> [WHAT THE TASK REQUIRES]: Each line of the listing must be transcribed exactly, except for the images, which should be excluded.

> [COLLECTED DATA]:
■ ■ ■

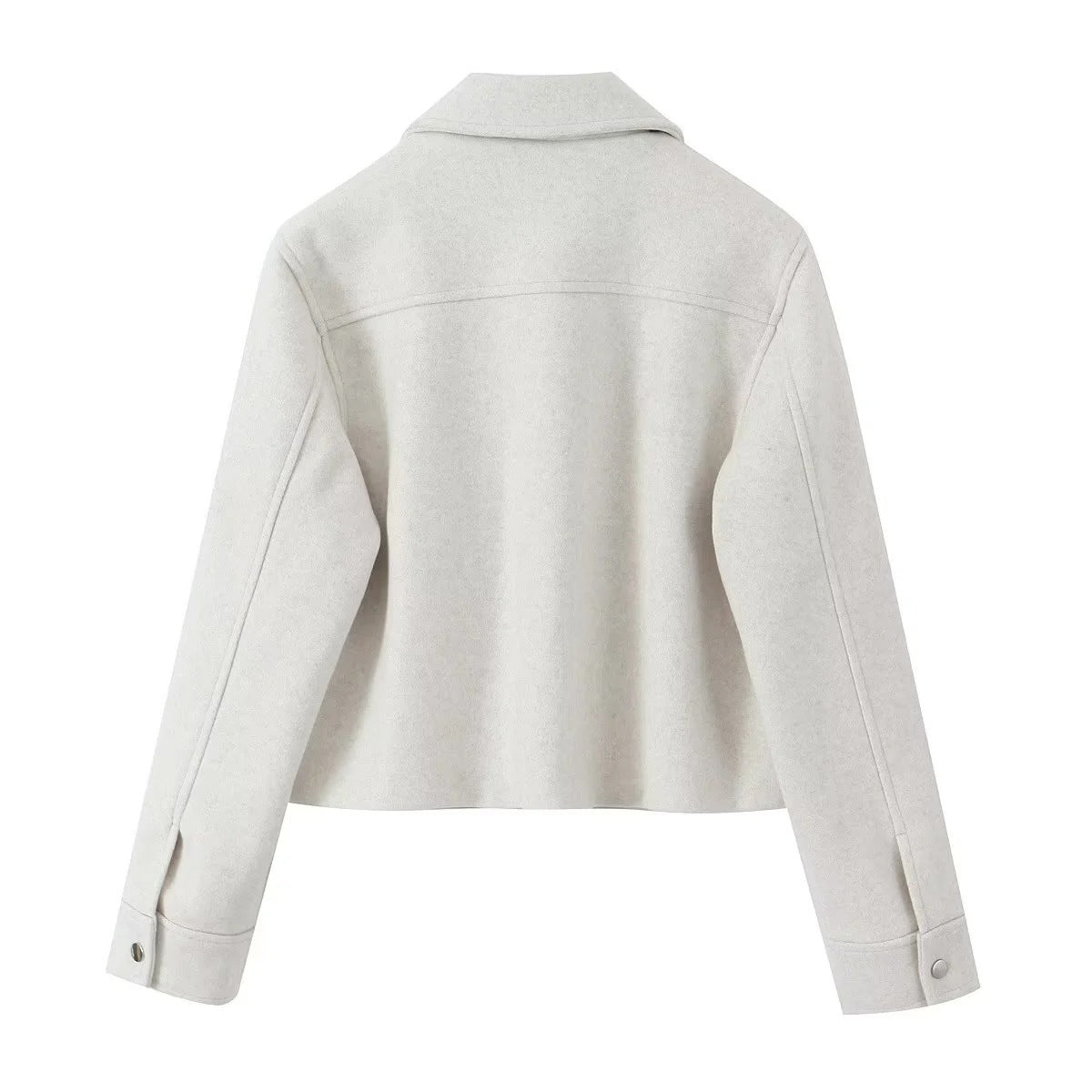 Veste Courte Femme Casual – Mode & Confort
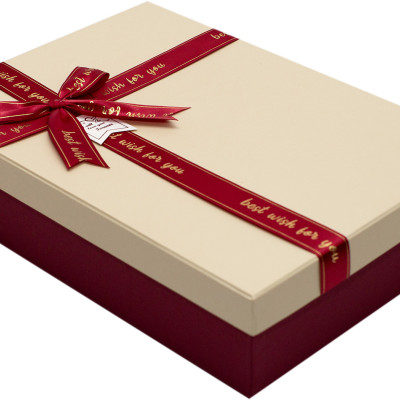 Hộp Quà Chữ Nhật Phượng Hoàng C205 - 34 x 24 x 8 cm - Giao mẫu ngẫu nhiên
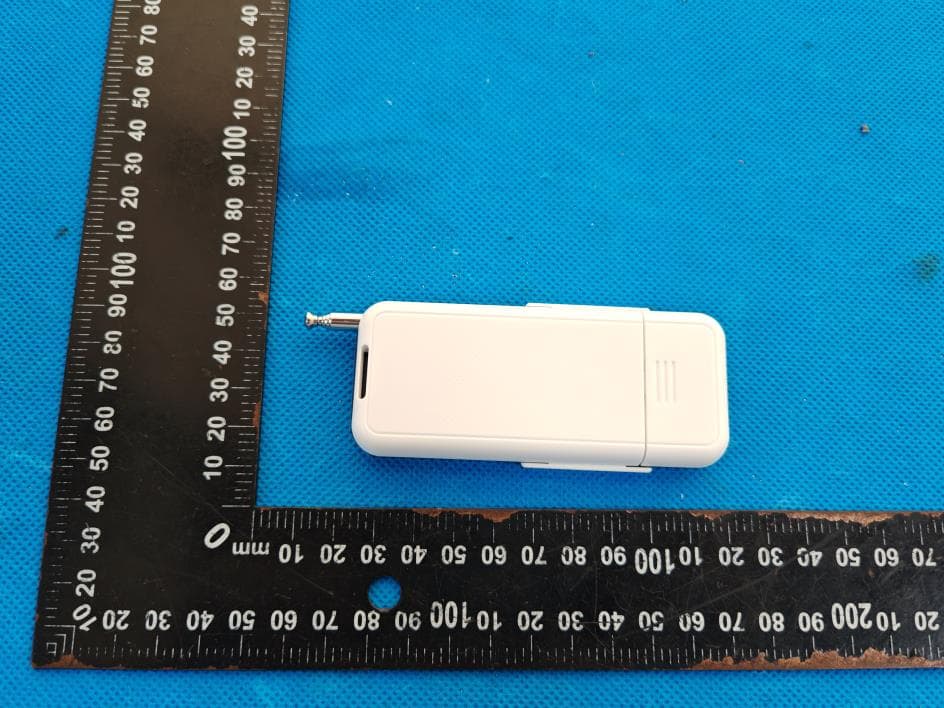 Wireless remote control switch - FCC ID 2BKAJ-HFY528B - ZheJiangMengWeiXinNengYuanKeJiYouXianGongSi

■ ■ ■

> [WRITTEN ANSWER]:
 Veste Courte Femme Casual – Mode & Confort
 Hộp Quà Chữ Nhật Phượng Hoàng C205 - 34 x 24 x 8 cm - Giao mẫu ngẫu nhiên
 Wireless remote control switch - FCC ID 2BKAJ-HFY528B - ZheJiangMengWeiXinNengYuanKeJiYouXianGongSi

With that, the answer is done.